Equivariant neural networks build symmetry into their architecture — if the input is rotated, the output transforms predictably. This reduces the number of parameters and the amount of training data needed. But the constraint might also reduce expressiveness: by forcing the network to respect symmetry, you might prevent it from representing functions that a generic network could capture.
Siegel and colleagues (arXiv:2602.20370) prove that this doesn't happen. For equivariant functions — the functions the architecture is designed to learn — equally-sized ReLU networks and equivariant architectures have the same approximation rates. The quantitative bounds are equal. Deep Sets, Transformers, Sumformers, and networks with joint invariance to permutations and rigid motions all match generic MLPs on their target function classes.

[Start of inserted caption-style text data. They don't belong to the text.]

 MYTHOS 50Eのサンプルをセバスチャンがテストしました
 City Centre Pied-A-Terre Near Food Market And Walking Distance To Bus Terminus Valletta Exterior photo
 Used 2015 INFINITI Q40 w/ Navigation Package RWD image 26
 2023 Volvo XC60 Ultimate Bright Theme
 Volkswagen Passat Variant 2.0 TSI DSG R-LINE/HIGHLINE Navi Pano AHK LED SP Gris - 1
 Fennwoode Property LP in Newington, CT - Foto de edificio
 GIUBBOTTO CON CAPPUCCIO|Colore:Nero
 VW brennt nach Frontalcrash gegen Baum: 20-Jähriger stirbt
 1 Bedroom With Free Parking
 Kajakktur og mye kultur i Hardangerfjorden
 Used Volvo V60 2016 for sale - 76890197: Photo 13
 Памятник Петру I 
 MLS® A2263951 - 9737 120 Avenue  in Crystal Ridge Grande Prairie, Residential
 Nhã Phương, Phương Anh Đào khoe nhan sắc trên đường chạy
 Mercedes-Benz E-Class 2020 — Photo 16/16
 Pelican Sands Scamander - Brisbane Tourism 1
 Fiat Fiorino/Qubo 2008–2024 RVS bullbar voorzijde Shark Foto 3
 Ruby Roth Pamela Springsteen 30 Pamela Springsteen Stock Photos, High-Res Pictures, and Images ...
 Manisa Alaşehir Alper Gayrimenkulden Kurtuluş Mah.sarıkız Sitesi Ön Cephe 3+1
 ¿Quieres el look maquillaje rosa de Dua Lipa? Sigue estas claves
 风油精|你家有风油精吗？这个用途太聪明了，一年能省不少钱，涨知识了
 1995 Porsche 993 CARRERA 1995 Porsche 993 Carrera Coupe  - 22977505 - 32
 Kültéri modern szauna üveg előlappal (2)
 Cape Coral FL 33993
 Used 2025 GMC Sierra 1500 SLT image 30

The result holds across multiple prominent architectures and symmetry groups. Permutation invariance, permutation equivariance, SE(3) invariance — in each case, the symmetry constraint costs nothing in expressiveness over the relevant function class.
The mechanism: symmetry reduces the function class and the architecture simultaneously. A generic MLP can represent any function, but on equivariant functions it wastes capacity representing symmetry-breaking components it doesn't need. The equivariant architecture removes exactly this wasted capacity. The remaining capacity is sufficient — the reduction in representable functions matches the reduction in architecture.
The general observation: a constraint that removes irrelevant degrees of freedom costs nothing. Symmetry in the architecture eliminates the capacity to represent functions that violate the symmetry — functions you didn't want to learn. The constraint is not a sacrifice; it is pruning of waste. When the constraint matches the structure of the target, it is free.